▶ **TASK DETAILS**
Everything in the listing below must be set down again exactly.

══════

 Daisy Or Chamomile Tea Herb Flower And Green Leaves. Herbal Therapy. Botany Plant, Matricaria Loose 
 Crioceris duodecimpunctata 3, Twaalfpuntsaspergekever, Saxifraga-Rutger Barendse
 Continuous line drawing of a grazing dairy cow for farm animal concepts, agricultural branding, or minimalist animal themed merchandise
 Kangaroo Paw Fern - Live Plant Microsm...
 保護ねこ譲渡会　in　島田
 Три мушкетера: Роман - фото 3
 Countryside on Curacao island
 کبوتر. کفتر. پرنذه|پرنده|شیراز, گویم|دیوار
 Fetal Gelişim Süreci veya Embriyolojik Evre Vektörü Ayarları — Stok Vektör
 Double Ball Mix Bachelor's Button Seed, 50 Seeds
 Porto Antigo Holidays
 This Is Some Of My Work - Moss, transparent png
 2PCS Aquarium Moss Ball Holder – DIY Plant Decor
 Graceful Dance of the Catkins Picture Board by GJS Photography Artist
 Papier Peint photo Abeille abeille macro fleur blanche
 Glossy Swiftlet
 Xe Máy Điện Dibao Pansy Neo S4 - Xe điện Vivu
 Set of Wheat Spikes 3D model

══════

▶ **YOUR RESPONSE**
 Daisy Or Chamomile Tea Herb Flower And Green Leaves. Herbal Therapy. Botany Plant, Matricaria Loose 
 Crioceris duodecimpunctata 3, Twaalfpuntsaspergekever, Saxifraga-Rutger Barendse
 Continuous line drawing of a grazing dairy cow for farm animal concepts, agricultural branding, or minimalist animal themed merchandise
 Kangaroo Paw Fern - Live Plant Microsm...
 保護ねこ譲渡会　in　島田
 Три мушкетера: Роман - фото 3
 Countryside on Curacao island
 کبوتر. کفتر. پرنذه|پرنده|شیراز, گویم|دیوار
 Fetal Gelişim Süreci veya Embriyolojik Evre Vektörü Ayarları — Stok Vektör
 Double Ball Mix Bachelor's Button Seed, 50 Seeds
 Porto Antigo Holidays
 This Is Some Of My Work - Moss, transparent png
 2PCS Aquarium Moss Ball Holder – DIY Plant Decor
 Graceful Dance of the Catkins Picture Board by GJS Photography Artist
 Papier Peint photo Abeille abeille macro fleur blanche
 Glossy Swiftlet
 Xe Máy Điện Dibao Pansy Neo S4 - Xe điện Vivu
 Set of Wheat Spikes 3D model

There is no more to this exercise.